BMJ 2004; 329 doi: (Published 15 July 2004) Cite this as: BMJ 2004;329:132
  1. Susan Mayor
  1. Bangkok

    Treatment with nevirapine reduces perinatal transmission of HIV in women tested and treated during labour, a study done in Malawi has shown (JAMA 2004;292:202-9).

    Antenatal counselling and HIV testing are not universally available in Africa, so many women present in labour with unknown HIV status. The study included all infants born to 894 HIV positive women (from a total of 9469 women screened) who presented in labour to six clinics in Blantyre, Malawi.

    Those included in the study were early presenters (those arriving at least four hours before delivery was predicted) to allow time for obtaining informed consent, counselling, HIV testing, reporting of results, and treatment.
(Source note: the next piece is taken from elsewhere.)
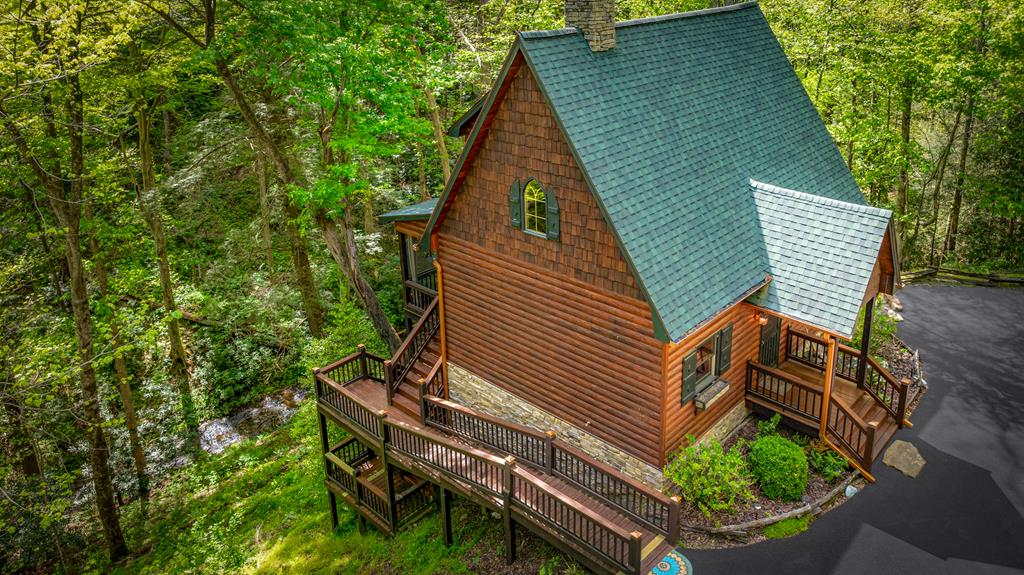 429783 Blue Ridge Residential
Of the 9469 women screened, 8575 were excluded, including 3485 who tested negative and 2699 who refused consent to testing, mainly because they were unable to ask their husband's permission; the rest were excluded because either they refused to take part (105) or their infants met the exclusion criteria (2286).

    The women in the study were treated with nevirapine intrapartum (200 mg single oral dose), and the infants were randomly assigned to one of two regimens—nevirapine alone (2 mg/kg, single oral dose) (n=448) or nevirapine (same dose) plus zidovudine (4 mg/kg twice a day) (n=446) for one week. Combination therapy was tested to see if it reduced the development of resistance to nevirapine.

    Results showed that mother to child transmission occurred in 8.1% of infants given nevirapine alone and in 10.1% of those given nevirapine plus zidovudine. For infants not infected at birth and retested at six to eight weeks, HIV infection was detected in 6.5% of those treated with nevirapine alone and in 6.9% of those given combination therapy. Almost all of the babies (99-100%) were breast fed.

    Taha Taha, associate professor and codirector of the infectious diseases programme at Bloomberg School of Public Health, Johns Hopkins University, Baltimore, Maryland, and principal investigator for the HIV Prevention Trials Network in Blantyre, Malawi, said: “Ideally, voluntary HIV testing should be available early during pregnancy, allowing HIV infected women and their infants to receive standard nevirapine prophylaxis. Our study—and other studies in Africa—indicated that women could self administer treatment when labour contractions commence.”

    Presenting the study at the 15th international AIDS conference, he added: “Women who present at the labour ward with unknown HIV status should be tested and offered a standard nevirapine regimen, together with treatment of their infants.”

    The results showed that nevirapine achieved similar reduction in HIV transmission to the combination of nevirapine plus zidovudine. Dr Taha noted, however, that the combination could be of more value if it reduced the appearance of resistance by reducing HIV replication. Testing for resistance in samples collected from the study is currently under way. He added: “Additional research should focus on evaluating extended antiretroviral regimens to prevent transmission of HIV via breast milk.”

    Roche paid for flights and accommodation for Susan Mayor to attend the XV International AIDS conference.